Second, DSSoCs commonly operate in real-time environments where time-constrained applications arrive dynamically. For a fixed collection of heterogeneous accelerators, this requires dynamic and low-overhead scheduling strategies to enable effective runtime management and task partitioning across these accelerators. A common approach in enabling rich scheduling algorithms that maximize processing element (PE) utilization is to model applications as directed acyclic graphs (DAGs). Assuming DAG-based applications, the complexity of managing a large collection of task-dependencies and prioritizing execution across a variety of custom and general-purpose PEs makes scheduling a non-trivial problem in DSSoCs.

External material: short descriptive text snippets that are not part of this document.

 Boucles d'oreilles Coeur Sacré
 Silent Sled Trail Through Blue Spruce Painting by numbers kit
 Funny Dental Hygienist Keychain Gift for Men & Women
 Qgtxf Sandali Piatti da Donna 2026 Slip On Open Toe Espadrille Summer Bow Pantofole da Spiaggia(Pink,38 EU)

Third, like any heterogeneous platform, it is crucial to provide productive toolchains by which application developers can port their applications to DSSoCs. In particular, target applications must be analyzed in terms of their phases of execution, and the portions of each application that are amenable to heterogeneous execution must be mapped as such to the various resources present on a given DSSoC. Providing application developers a rich environment by which they can explore different application partitioning strategies contextualized by realistic scheduler models and accelerator interfaces is critical in enabling efficient execution on production hardware.
Finally, in a production DSSoC, effective on-chip communication is crucial to exploit maximum performance with minimum latency and energy consumption. Hence, there is a need for efficient Network-on-Chip (NoC) fabric that is tailored for a given DSSoC's collection of accelerators. Together with the aforementioned challenges, it is a complex task to design and evaluate DSSoC architectures.
A user-space emulation framework for heterogeneous system-on-chip (SoC) design is provided. Embodiments described herein propose a portable, Linux-based emulation framework to provide an ecosystem for hardware-software co-design of heterogeneous SoCs (e.g., domain-specific SoCs (DSSoCs)) and enable their rapid evaluation during the pre-silicon design phase. This framework holistically targets three key challenges of heterogeneous SoC design: accelerator integration, resource management, and application development. These challenges are addressed via a flexible and lightweight user-space runtime environment that enables easy integration of new accelerators, scheduling heuristics, and user applications, and the utility of each is illustrated through various case studies.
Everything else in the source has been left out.